Scot Reynolds' late 1990s film starts so far in formula you can almost smell the packaging it came in. But after the cliches of the opening scene have settled a new film starts to emerge as though coming out of a shed skin. The weedy Simon's account of his crimes is told in an increasingly involved stream of consciousness that is not always anchored by visual references to the present. Soon enough it's difficult to say how much of what we are seeing is intended as real and how much is derangement and, if so, whose derangement. The ending, told with a single old fashioned effect but mostly light and shadow, refuses easy answers.
Screens with La Jetee Chris Marker’s short film told mostly in stills. The inspiration for Terry Gilliam’s 12 Monkeys (France 29 mins.)
Friday May 8th 7.30 for 8.00 pm N E W The Beguiled (USA 1970 105 mins) A wounded Union soldier wanders into the grounds of a school full of giggling southern belles. Sounds like a porno but it’s one of the creepiest westerns ever made. Crime and action director Don Siegel and action hero Clint Eastwood take a slower path here, through a tale of increasingly dark areas (I guess that sounds like a porno, too, it still isn't, but).
The late 60s and early 70s saw a lot of changes made to the western movie. So much that they are considered their own genre, the revisionist western. Films like McCabe and Mrs Miller pursued an iconoclastic path to something more like the real old west at the same time as bringing the moral complexities of the traditional western into the light of the Vietnam War generation. Well, this isn't one of those.
PS -- not that I should know but doesn't Clint look like Wolverine in the still of the clip below?
Screens with:
TBA
Friday May 15 7.30 for 8.00 pm
LITTLE MURDERS (USA 1971 110 mins) Alfred, a young self proclaimed apathist, is wrenched by an overachiever girl into society. He goes along with this, suffering one of the most intimidating meet-the-folks scenes outside of the one in Eraserhead. He even accepts her proposal of marriage. The city they live in is breaking down, power outages take on a kind of rhythm, victims of assault fall down subway steps like litter, and the homicide rate is rising to epidemic levels. Flight or fight? The choice has never been less obvious in a film, even a comedy as black as this.
Directed by Alan Arkin (gloriously over the top as a detective soaring into hysteria)and featuring a young Donald Sutherland as a hip priest. Arkin had starred in Catch 22 the year before and Elliot Gould and Sutherland in MASH (also 1970). These two films heavily criticised U.S. involvement in Vietnam through the filter of other wars. Little Murders might well be thought of as the home front version of those.
Absurdism verite? Romblacom?
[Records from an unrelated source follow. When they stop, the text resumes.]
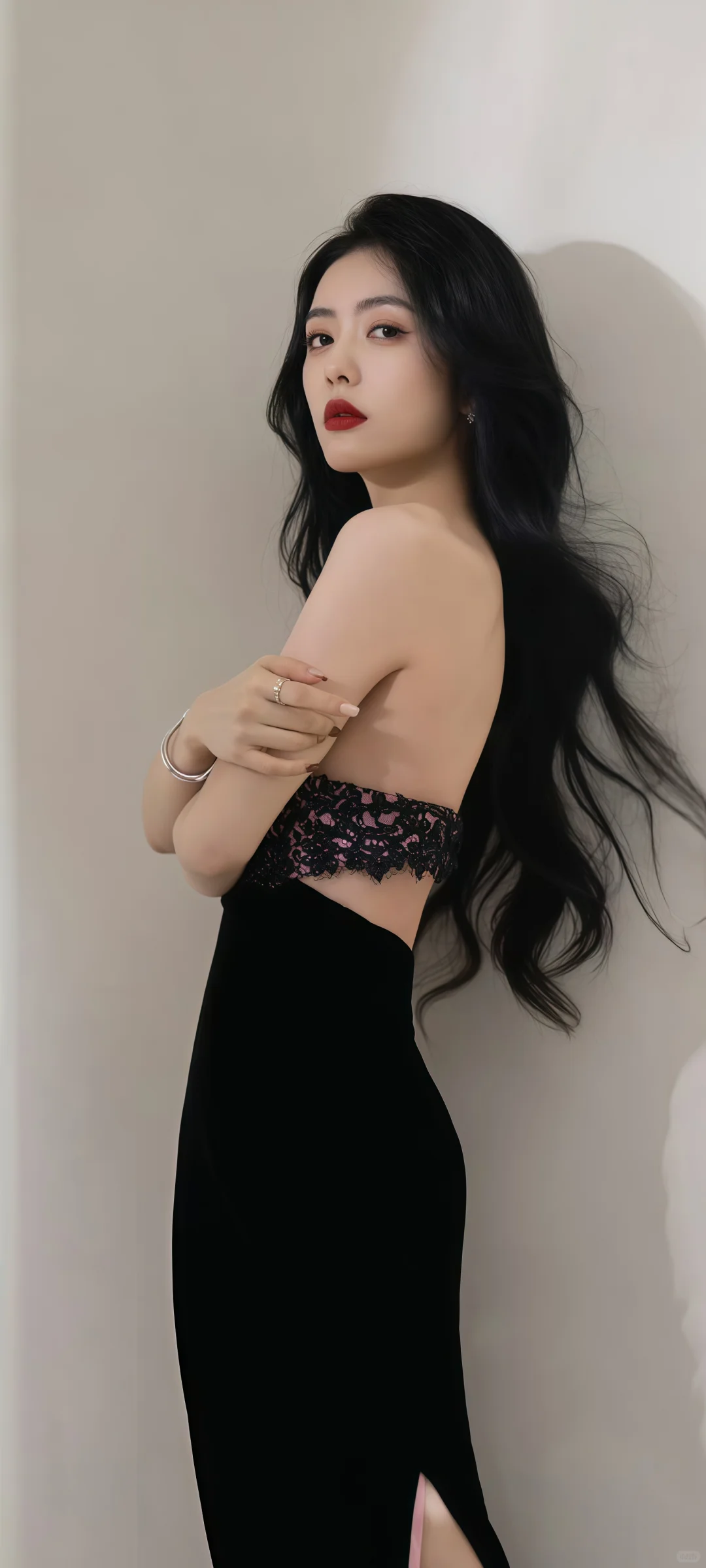 蔡文静高清性感写真来啦！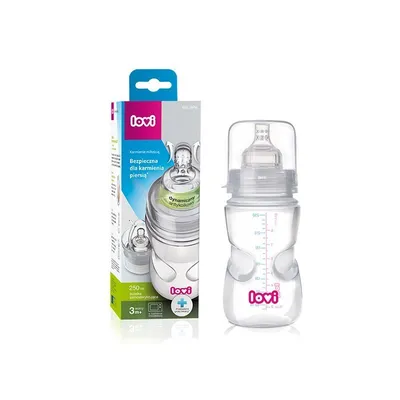Lovi BUT.250ML Samoster Super LOVI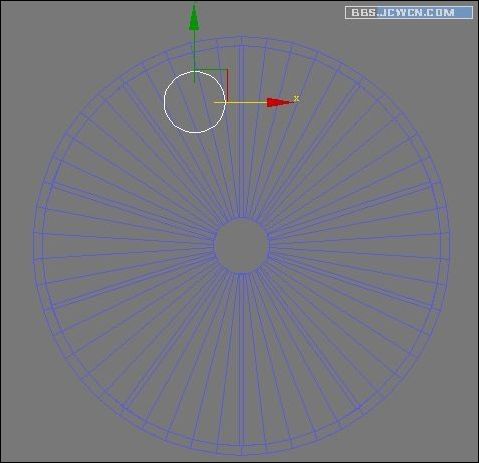 3ds MAX教程：大型坦克建模完整版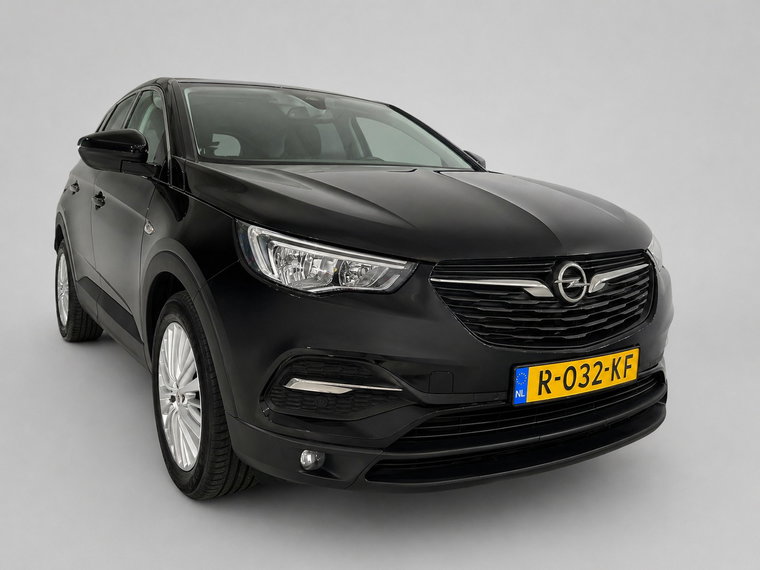 Foto van Opel Grandland X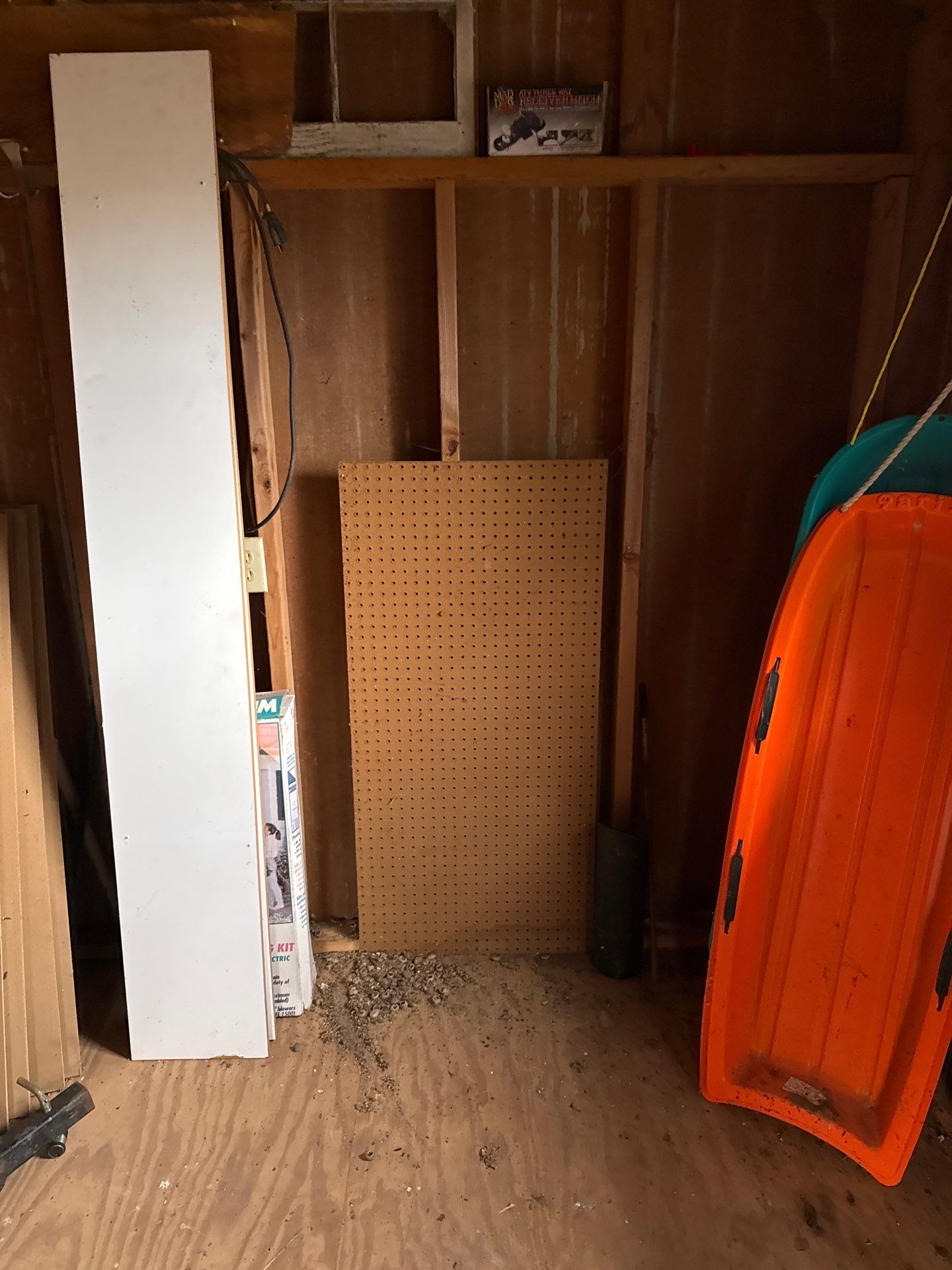 Project in Monroe by Badger Hauling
You decide.
Screens with: It’s a Good Life (Twilight Zone episode USA 1962) 25 mins.
The Picnic (Forbidden Files episode) 5 mins.
Friday May 22nd 7.30 for 8.00 pm N E W Another Heaven (Japan 2000 132 mins) There was once a terrific taut sci-fi thriller called the Hidden in which a young FBI agent pursued a nasty body-hopping entity with a taste for ultra-violence and power. Then a few years after J-horror was born, this film comes out which tells the story of a nasty body-hopping entity with a taste for ultra-violence and power. But this is neither remake nor ripoff as it diverges from the path of the earlier film into far more complex territory. Hell of a ride.
Screens with:
TBA
Friday May 29th 7.30 for 8.00 pm N E W Network (USA 1976 120 mins)
“Because you’re on television, dummy.”
Howard Beale goes from failing news anchor to ratings-ruling prophet in a tale from over thirty years ago that could be about the pre-packaged reality of today’s tv. The reason that Paddy Chayefsky’s tirelessly witty script does not fail as a futuristic scenario is that he wrote it from the anger left him by his past experience in network television rather than anything he had to forsee.
The mid-70s dream cast of Peter Finch (a posthumous Best Actor Oscar) William Holden (elegant gravitas) , Fay Dunaway (connoisseur wickedness and scary vulnerability), Robert Duvall (about the same time as his star turn in Apocalypse Now, a bull in charge) and Ned Beatty (fatherly and terrifying) give everything they have as actors with such a treasury of great dialogue.
This one *is* available locally but as it’s one of my favourite films that less than half of my friends have seen I’m putting it up for Shadows for your delectation. Seen it? See it again. It only gets better.
Oh, and watch for a very young Tim Robbins towards the end of the film.